By Jamie McKenzie, ©2010, all rights reserved.
About author

Sadly, we live in times when many people thirst for simple solutions to complex problems and elect politicians eager to give them what they seek. This thirst leads to misguided educational policies overemphasizing testing and experimental reform efforts. It leaves governments unable to regulate the banking industry in ways that make sense.

© Jamie McKenzie, all rights reserved.

Life presents baffling puzzles and mysteries that deserve careful thought and consideration, but many folk have neither the patience nor the skill to invest in such probing.

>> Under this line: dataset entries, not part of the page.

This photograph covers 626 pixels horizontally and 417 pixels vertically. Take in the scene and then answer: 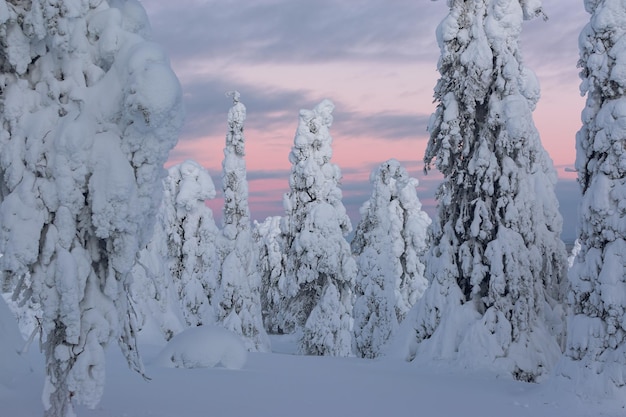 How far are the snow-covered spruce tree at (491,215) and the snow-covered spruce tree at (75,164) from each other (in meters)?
9.12

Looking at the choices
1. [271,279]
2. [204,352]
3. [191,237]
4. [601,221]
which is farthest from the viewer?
[271,279]

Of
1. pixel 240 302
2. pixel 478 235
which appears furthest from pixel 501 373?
pixel 240 302

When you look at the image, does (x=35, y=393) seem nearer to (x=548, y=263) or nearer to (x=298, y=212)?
(x=548, y=263)

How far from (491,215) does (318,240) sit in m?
12.7

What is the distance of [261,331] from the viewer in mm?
31156

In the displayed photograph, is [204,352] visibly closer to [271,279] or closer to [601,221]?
[601,221]

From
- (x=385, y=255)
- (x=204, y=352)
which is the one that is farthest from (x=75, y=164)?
(x=385, y=255)

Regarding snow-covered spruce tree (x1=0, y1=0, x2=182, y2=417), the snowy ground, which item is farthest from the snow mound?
snow-covered spruce tree (x1=0, y1=0, x2=182, y2=417)

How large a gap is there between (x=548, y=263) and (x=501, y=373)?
2.79 metres

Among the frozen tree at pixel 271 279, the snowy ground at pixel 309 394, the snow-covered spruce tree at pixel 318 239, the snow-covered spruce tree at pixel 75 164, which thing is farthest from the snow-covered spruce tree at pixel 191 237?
the snow-covered spruce tree at pixel 75 164

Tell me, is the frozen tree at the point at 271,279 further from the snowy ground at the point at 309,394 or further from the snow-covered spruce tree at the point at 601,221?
the snow-covered spruce tree at the point at 601,221

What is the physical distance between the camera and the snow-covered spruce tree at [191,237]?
112 feet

Unless we raise citizens who appreciate the value of entertaining complexity, the health of the democracy is threatened as voters swing from one scheme and schemer to another with the volatility of the stock markets. In Empire of Illusion: The End of Literacy and the Triumph of Spectacle, Chris Hedges suggests that the majority of citizens have substituted fantasy and entertainment for reality.

The Limitations
of Dictionary Learning

In George Orwell's 1984, the leaders hoped to reduce the vocabulary of the proles to fewer than one thousand words. In that way, they reasoned, the citizens would not be capable of crimethink.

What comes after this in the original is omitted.